__WORK ORDER__. Only those lines running from the start of the listing below through the line that holds "Gordon Black & White Pedestal End Table" are to be written out, exactly and in full.

--- START ---

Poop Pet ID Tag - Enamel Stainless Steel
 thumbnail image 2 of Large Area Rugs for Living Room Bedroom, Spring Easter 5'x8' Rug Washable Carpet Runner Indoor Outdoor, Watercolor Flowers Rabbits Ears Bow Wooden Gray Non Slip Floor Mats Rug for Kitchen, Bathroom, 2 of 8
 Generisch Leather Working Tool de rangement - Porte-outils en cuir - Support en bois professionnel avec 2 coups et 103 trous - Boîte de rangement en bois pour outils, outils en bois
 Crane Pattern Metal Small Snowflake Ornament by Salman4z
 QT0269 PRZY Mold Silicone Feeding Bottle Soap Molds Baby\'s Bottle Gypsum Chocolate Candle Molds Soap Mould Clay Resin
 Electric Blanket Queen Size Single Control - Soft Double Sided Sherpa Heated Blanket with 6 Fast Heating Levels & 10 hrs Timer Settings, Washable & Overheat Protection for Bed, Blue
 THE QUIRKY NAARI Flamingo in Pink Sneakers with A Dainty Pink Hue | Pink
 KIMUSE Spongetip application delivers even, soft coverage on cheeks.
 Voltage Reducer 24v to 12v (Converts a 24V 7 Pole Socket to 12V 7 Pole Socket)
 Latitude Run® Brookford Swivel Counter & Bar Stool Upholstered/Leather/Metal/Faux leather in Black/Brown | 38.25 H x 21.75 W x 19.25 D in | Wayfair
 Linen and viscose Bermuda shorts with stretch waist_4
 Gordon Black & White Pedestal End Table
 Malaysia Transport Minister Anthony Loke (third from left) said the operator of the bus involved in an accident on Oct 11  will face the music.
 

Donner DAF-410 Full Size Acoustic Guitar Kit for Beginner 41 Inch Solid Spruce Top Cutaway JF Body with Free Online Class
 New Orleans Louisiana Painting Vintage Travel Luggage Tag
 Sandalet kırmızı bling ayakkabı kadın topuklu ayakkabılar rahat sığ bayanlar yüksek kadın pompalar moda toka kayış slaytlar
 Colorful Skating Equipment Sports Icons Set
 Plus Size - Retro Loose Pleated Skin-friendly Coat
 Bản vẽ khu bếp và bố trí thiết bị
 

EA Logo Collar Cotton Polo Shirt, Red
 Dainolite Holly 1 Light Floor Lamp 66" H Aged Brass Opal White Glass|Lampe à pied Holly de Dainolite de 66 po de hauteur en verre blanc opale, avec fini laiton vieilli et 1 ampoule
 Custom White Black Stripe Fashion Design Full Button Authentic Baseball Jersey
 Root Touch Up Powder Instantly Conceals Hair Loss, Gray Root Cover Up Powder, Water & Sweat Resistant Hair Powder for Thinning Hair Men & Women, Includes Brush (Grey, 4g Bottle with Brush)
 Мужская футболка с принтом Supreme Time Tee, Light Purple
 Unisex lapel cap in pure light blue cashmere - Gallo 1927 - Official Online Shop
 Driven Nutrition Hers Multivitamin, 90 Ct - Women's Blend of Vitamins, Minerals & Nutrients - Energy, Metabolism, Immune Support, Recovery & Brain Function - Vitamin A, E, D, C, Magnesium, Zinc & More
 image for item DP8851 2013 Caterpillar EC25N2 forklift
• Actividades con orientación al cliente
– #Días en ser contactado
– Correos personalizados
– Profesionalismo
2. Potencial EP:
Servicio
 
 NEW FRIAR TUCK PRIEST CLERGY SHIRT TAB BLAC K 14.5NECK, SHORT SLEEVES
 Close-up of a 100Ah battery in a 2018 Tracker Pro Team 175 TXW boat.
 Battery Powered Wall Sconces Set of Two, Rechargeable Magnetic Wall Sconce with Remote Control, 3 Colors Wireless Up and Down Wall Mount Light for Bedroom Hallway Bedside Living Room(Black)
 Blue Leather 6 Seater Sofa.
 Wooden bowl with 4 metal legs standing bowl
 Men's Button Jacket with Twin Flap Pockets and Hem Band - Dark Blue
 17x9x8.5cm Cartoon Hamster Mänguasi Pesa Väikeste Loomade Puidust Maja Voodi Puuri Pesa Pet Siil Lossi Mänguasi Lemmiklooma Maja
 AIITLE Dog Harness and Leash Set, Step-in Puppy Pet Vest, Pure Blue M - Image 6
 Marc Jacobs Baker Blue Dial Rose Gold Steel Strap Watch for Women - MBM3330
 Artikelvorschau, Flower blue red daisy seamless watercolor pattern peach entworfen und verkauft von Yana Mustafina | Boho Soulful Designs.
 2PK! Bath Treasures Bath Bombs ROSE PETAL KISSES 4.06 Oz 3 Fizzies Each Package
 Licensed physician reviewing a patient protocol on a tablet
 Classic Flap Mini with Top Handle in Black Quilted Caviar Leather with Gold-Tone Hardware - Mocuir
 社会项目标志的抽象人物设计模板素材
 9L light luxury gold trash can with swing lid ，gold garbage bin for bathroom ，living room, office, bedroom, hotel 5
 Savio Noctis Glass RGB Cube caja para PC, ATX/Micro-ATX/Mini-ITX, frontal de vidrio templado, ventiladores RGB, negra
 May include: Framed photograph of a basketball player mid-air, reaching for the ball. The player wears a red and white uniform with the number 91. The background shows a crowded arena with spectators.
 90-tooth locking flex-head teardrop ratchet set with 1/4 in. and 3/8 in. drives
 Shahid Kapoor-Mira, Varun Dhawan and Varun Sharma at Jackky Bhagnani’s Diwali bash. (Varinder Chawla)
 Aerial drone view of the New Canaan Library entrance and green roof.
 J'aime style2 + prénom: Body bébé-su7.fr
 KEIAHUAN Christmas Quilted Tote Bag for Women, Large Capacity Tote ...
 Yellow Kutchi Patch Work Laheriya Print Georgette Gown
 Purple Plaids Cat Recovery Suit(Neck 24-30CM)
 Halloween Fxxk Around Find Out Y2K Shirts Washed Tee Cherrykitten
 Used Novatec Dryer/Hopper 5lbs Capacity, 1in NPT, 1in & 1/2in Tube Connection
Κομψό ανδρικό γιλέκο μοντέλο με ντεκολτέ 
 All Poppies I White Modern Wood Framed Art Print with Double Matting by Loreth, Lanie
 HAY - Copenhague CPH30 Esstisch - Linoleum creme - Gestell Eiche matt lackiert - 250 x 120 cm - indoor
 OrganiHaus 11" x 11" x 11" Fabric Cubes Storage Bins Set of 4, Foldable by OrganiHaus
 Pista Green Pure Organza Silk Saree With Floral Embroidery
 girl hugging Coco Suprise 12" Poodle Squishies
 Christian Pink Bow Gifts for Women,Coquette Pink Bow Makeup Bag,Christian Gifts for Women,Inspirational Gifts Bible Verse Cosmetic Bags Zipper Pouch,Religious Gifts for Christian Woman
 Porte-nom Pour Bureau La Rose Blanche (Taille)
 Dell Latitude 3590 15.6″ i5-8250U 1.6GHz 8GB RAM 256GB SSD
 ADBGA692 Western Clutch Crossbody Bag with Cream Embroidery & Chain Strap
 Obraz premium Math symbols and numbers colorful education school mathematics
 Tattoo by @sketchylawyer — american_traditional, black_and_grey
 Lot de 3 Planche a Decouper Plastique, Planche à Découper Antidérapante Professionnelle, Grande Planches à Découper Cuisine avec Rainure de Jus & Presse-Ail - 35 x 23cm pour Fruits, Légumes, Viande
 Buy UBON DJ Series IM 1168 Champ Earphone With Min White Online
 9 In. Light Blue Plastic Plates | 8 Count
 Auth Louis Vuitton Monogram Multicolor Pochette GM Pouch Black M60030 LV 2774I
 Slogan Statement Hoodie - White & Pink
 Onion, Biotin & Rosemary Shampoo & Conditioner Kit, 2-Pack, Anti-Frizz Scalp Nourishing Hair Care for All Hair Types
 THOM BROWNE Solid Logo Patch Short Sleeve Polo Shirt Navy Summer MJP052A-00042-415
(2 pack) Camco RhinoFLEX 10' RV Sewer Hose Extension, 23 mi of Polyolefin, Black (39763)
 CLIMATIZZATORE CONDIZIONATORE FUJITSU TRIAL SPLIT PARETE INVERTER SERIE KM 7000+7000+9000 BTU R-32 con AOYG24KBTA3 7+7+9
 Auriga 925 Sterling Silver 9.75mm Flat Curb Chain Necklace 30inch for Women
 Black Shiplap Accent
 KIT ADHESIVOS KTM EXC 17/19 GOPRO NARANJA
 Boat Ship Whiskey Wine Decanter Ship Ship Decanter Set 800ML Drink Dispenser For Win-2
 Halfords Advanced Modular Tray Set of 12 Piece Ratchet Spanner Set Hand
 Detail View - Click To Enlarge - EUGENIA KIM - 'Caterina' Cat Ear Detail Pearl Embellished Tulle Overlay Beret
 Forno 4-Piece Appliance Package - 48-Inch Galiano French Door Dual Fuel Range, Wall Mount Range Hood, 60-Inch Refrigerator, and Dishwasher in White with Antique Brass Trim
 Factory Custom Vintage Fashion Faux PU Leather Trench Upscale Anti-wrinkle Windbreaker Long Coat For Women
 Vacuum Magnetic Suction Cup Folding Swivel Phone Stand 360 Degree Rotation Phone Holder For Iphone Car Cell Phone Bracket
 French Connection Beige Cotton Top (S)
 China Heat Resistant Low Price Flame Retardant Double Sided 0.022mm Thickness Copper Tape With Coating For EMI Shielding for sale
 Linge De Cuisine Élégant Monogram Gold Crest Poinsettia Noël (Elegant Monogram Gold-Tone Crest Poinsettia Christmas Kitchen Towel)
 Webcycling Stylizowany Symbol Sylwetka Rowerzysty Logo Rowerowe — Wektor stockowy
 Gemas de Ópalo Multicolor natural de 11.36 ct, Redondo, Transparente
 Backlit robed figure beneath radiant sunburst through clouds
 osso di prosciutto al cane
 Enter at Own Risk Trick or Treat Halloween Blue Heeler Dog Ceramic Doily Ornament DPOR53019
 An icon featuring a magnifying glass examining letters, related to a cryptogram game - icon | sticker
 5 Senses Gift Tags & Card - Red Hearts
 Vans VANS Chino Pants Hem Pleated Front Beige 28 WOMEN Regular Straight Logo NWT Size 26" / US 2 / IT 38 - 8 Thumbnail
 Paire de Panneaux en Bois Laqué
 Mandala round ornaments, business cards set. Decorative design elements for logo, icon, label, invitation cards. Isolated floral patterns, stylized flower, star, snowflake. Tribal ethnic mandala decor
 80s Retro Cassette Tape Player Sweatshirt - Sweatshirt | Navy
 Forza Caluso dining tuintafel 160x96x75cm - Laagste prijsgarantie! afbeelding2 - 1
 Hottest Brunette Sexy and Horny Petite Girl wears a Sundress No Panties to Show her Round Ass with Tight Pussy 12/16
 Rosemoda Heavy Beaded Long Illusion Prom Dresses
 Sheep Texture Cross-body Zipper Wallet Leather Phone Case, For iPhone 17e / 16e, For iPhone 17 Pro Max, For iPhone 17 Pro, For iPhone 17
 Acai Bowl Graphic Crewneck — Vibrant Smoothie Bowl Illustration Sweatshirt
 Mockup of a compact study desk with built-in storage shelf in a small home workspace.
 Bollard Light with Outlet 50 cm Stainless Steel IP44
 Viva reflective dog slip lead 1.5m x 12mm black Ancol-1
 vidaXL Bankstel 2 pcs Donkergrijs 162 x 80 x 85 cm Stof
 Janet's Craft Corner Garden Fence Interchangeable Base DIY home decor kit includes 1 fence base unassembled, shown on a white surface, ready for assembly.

--- END ---

__RESULT BELOW__.
Poop Pet ID Tag - Enamel Stainless Steel
 thumbnail image 2 of Large Area Rugs for Living Room Bedroom, Spring Easter 5'x8' Rug Washable Carpet Runner Indoor Outdoor, Watercolor Flowers Rabbits Ears Bow Wooden Gray Non Slip Floor Mats Rug for Kitchen, Bathroom, 2 of 8
 Generisch Leather Working Tool de rangement - Porte-outils en cuir - Support en bois professionnel avec 2 coups et 103 trous - Boîte de rangement en bois pour outils, outils en bois
 Crane Pattern Metal Small Snowflake Ornament by Salman4z
 QT0269 PRZY Mold Silicone Feeding Bottle Soap Molds Baby\'s Bottle Gypsum Chocolate Candle Molds Soap Mould Clay Resin
 Electric Blanket Queen Size Single Control - Soft Double Sided Sherpa Heated Blanket with 6 Fast Heating Levels & 10 hrs Timer Settings, Washable & Overheat Protection for Bed, Blue
 THE QUIRKY NAARI Flamingo in Pink Sneakers with A Dainty Pink Hue | Pink
 KIMUSE Spongetip application delivers even, soft coverage on cheeks.
 Voltage Reducer 24v to 12v (Converts a 24V 7 Pole Socket to 12V 7 Pole Socket)
 Latitude Run® Brookford Swivel Counter & Bar Stool Upholstered/Leather/Metal/Faux leather in Black/Brown | 38.25 H x 21.75 W x 19.25 D in | Wayfair
 Linen and viscose Bermuda shorts with stretch waist_4
 Gordon Black & White Pedestal End Table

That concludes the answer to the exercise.